Everything becomes obsolete eventually.That's why looking back at the past can help you predict the future.
In 1969, I graduated from the U.S. Merchant Marine Academy and was offered two jobs. I took the job paying $47,000 a year and turned down one paying $75,000 a year because it required me to join a labor union. I'm not against labor unions. I am against being obsolete due to obsolete ideas. As entrepreneurs, we need to stop looking at employees from an Industrial Age point of view. In the Industrial Age, employees were rewarded for things like seniority. In the Information Age, seniority is death via obsolescence. In the Industrial Age, a senior employee had more experience. In the Information Age, experience can be a liability.

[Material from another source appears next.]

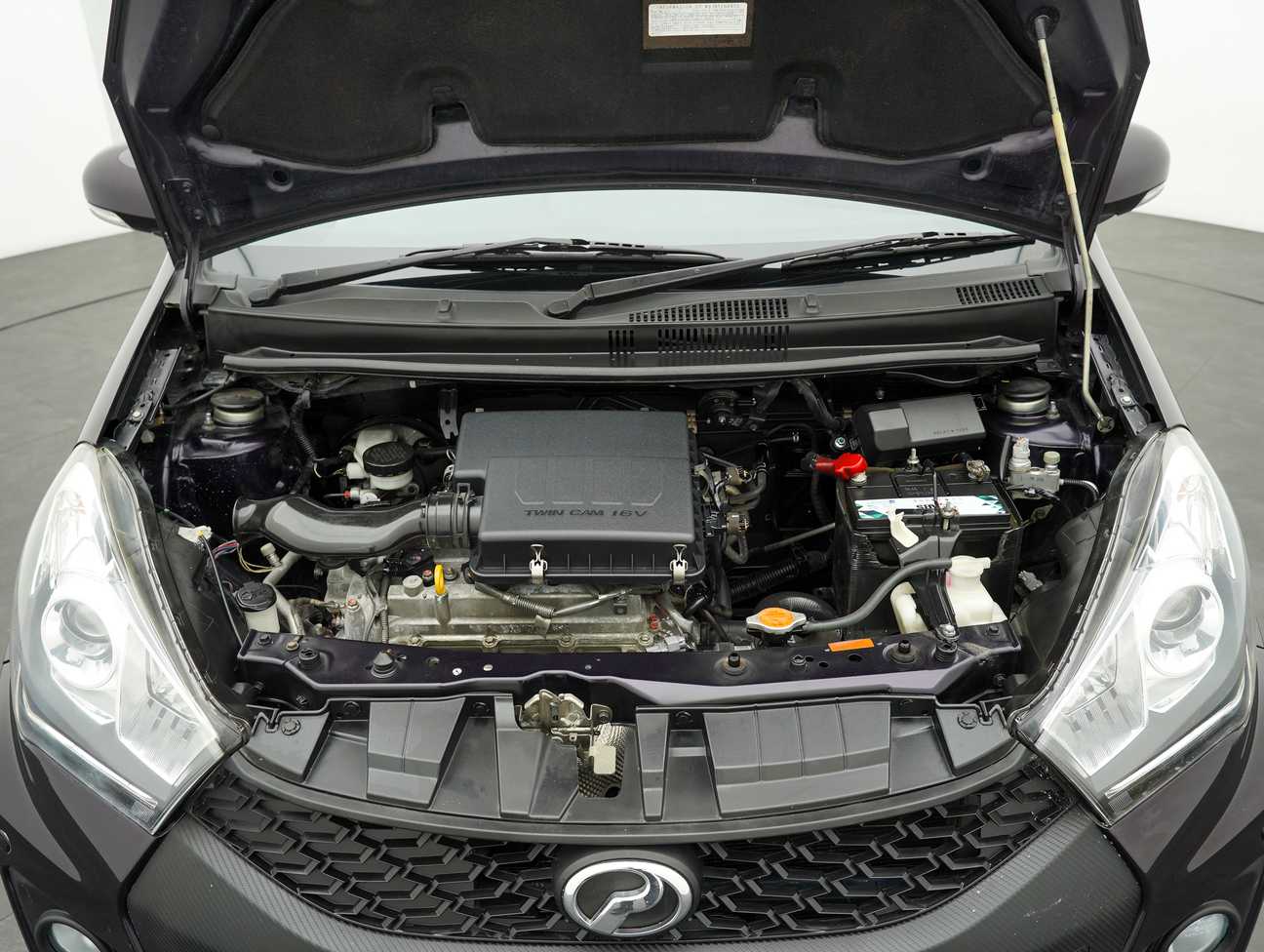 used 2016 Perodua Myvi Advance 1.5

So the challenges facing today's entrepreneurs are: How do you attract, retain and motivate technologically savvy, cutting-edge employees? How do you keep wages and benefits in line with shrinking profit margins? How do you inspire employees to develop new products or services? How do you keep good employees from moving to other companies?

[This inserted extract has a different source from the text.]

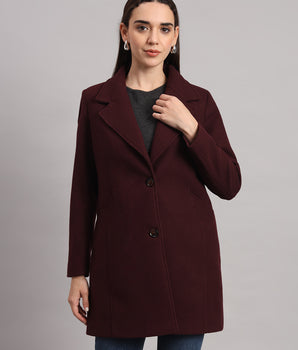 WINE COAT- 7207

I do it by working more collaboratively with younger employees. I ask them to challenge my ideas--as well as their own. For example, the other day I mentioned to a group of younger managers that e-mail was obsolete. They said I didn't know what I was talking about. One called me an "old man."
And what they said was true. The fact is, I don't know what I'm talking about. I'm so obsolete that I don't have an e-mail address. All I know is that e-mail will be obsolete, just as labor unions are obsolete and the idea of seniority is obsolete. I was challenging younger employees to predict their future by predicting their own obsolescence. By taking the conversation into the future, it brings two generations together: old guys like me and the young leaders of tomorrow. By forecasting the future, I can share my experiences as they share theirs. When they tell me about using Skype to make long distance phone calls, I see the future for Industrial Age phone companies.
One of the things I'm doing is hiring younger, more tech-savvy team members and putting them on a quasi-board to advise my company about the future. This doesn't mean I follow all their recommendations; it simply means that I need to listen to them and take appropriate action. I also listen with the intent of detecting core values and desires. On the flip side, I'm promoting older tech workers and asking them to be interpreters of the future.
Leadership is about vision. One way to see the future is to see today as the past. In the Information Age, nothing is more dangerous than a person who doesn't know his ideas are obsolete.